A battlefield guide and horse lover, her current research focuses on the use of equines in 20th century warfare and the story of the real war horse in the First World War. An enthusiastic public speaker, she is passionate about engaging a wider audience with the history of the First and Second World Wars, having worked with the BBC, Commonwealth War Graves Commission and Royal British Legion.

Women and horses in the First World War

Over recent years, the contribution of women in the First World War has received more scholarly and public attention than ever before. The militarisation of society in the early 20th century was deeply entwined with masculinity, and the role of women during this period is often misrepresented. The notion that ‘women didn’t work’ before the war for example, is in my view misleading; women absolutely did work, they just did so in lower paid or unpaid roles that society deemed of less value than those worked by men (this still holds truth today). The First World War did not represent a sudden opportunity for women to jump into the workplace – they were already there – but it did begin a shift in society in the perceived value of that work.

When war broke out in 1914 there was a sharp rise in unemployment in traditional women’s trades due to the disruption in day-to-day life on the home front and rise in prices of daily necessities. This continued into 1915, and it wasn’t until the middle of the year when women’s employment levels returned to their pre-war level.

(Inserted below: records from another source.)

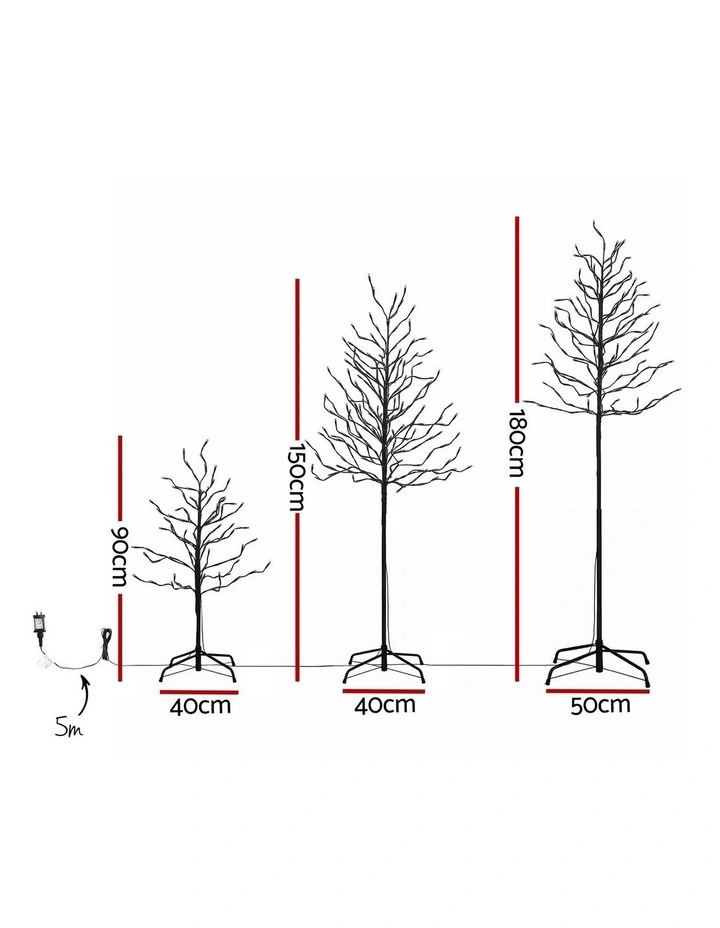 Jingle Jollys 3 Pack LED Christmas Tree Lighted Birch Tree Indoor Outdoor Xmas Decor Warm White image 2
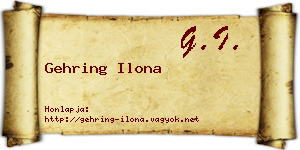 Gehring Ilona névjegykártya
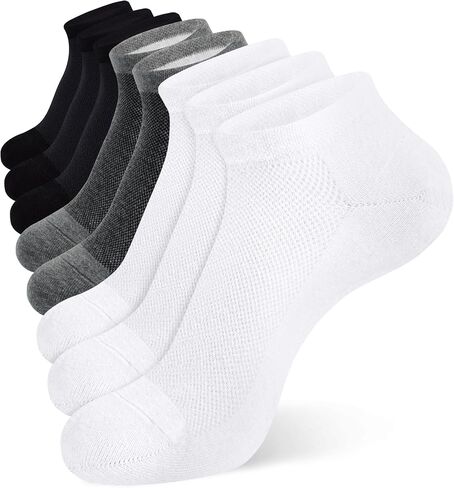 Jane Stone Mens Ankle Socks 8 Pack Cotton Low Cut Socks Non Slip No Show Socks Size 9-12/13-15 in Saudi Arabia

A Central Committee on Women’s Employment was formed and throughout 1915 and 1916 many new uniformed women’s organisations were formed; from the Women’s Emergency Corps, the Women’s Defence Relief Corps, to the The Volunteer Reserve and even the Almeric Paget Military Massage Corps. Women from all walks of life took up roles in all aspects of industry to assist the war effort. The Women’s Police Volunteers established by Nina Boyle and the Volunteer Motor Mobilisation Corps, along with the expansion of the First Aid Nursing Yeomanry saw particular success. The work of women in nursing and munitions industry during the war has been well covered, but the Women’s Land Army (WLA) has received less attention.

The Women’s Land Army

Formed in 1917 by Meriel Talbot, the WLA focused on the recruitment and training of young women into the agricultural industry. Thousands of men working on farms had gone to war and as a result, farms were struggling to function and food production was suffering greatly.  Recruitment posters and rallies urged women to sign up and to answer their country’s ‘urgent need!’

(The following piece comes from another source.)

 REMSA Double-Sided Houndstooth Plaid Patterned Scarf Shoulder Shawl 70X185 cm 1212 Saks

After an interview to confirm a base level of fitness and ‘a good constitution’, recruits could choose between working in either agricultural, forage or timber-cutting sections. The forage section was an expansion of The Forage Corps (established in 1915), which provided food for the army’s remounts. It had a minimum term of one-year service whilst agriculture and timber were 6-month terms. Women with previous experience went straight into work on the land, whilst inexperienced recruits were sent to ‘training farms’ for 4-6 weeks to learn the ropes. By 1917, over 8,000 women were working in the forage section, attending to matters pertaining to horse transport and feeding. With the British Army heavily reliant on horsepower throughout the war, this was essential work.

The Women’s Forage Corps

The Women’s Forage Corps fell under the control of the Army Service Corps and was led by Mrs Atholl Stewart as ‘Superintendent of Women’. Women worked in teams of 6, making hay and baling it, repairing sacks and tarpaulin and carrying out general stable work to ensure the horses were well fed and cared for. Some of the women who were from middle-upper class backgrounds, and had previous equestrian experience, landed roles at the smaller depots such as those at Russley Park in the south-west of England, which became known as the Ladies Remount Depot.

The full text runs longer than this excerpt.